One the other hand, he is right that many of the companies that have hung a shingle in the last several years are grossly incompetent and learning on their client’s nickel (one needs only to look at 80% of the questions posted on the NAMSAP listserv for confirmation of this fact). Getting an MSA completed, submitted to CMS and conditional payments resolved should probably cost somewhere between $2,000 and $3,000 for most cases if handled by a competent firm. Paying a defense lawyer $350 per hour to learn on the job (who will probably get it wrong in the end) is a pretty poor strategy. And I have seen adjusters circumvent their approved panels to direct business to friends just as our vendor friend suggests. Considering the high stakes involved in getting the MSA process wrong, this practice is indefensible.
That being said, there is a place for all types of providers in the industry. It really depends on the specific clients needs as to who should be used. I do not think a one size fits all model works in every situation. The assembly line approach works for the big-box companies serving big-box insurers. The sole practioner (whether a nurse or attorney) is a good fit for smaller clients that want a more personalized, claim/jurisdiction specific solution. Generally this comes with a more hands on relationship that flourishes in a lower volume environment. Companies of our size can service larger accounts but still maintain the personal nature of the business and focus on individual case results. So if you have an extra 5,000 cases you need MSAs prepared for this year, go to a big-box company. If you have 1,000 or less come to MEDVAL. If you have 50 or 5, call a smaller regional company or sole practioner.

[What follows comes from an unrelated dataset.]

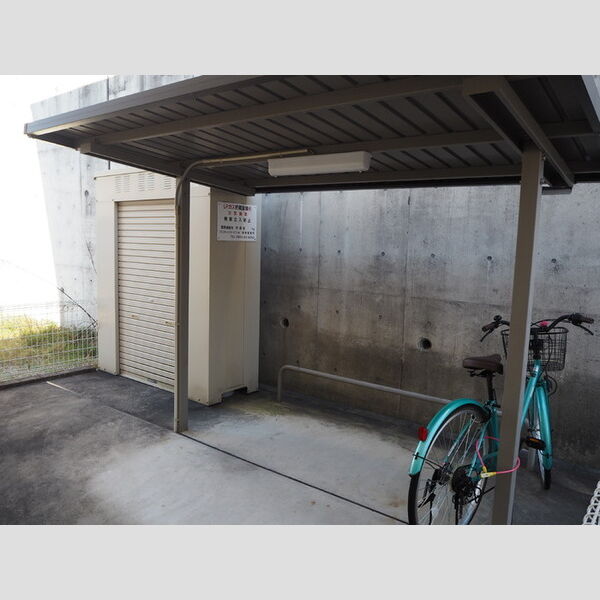 現地周辺 (駐輪場)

The only constant regardless of who you use is to look for competent people with sufficient experience. There really is no substitute in this business for seeing a lot of cases consistently. Avoid the “we do everything” vendors that moonlight in MSAs or think that just because they have an MSCC they are qualified to handle claims. Price, as noted above, constitutes the appropriate range of what the market should be paying right now. If you are buying your MSAs from a low cost vendor, you are most certainly getting what you pay for. If buying from someone priced higher, you are paying for someone to bring donuts by the office and a private equity firm’s ROI and not any additional level of skill or expertise.
Using the above criteria, it is possible to find that right fit and have strong win/win relationship over the long term.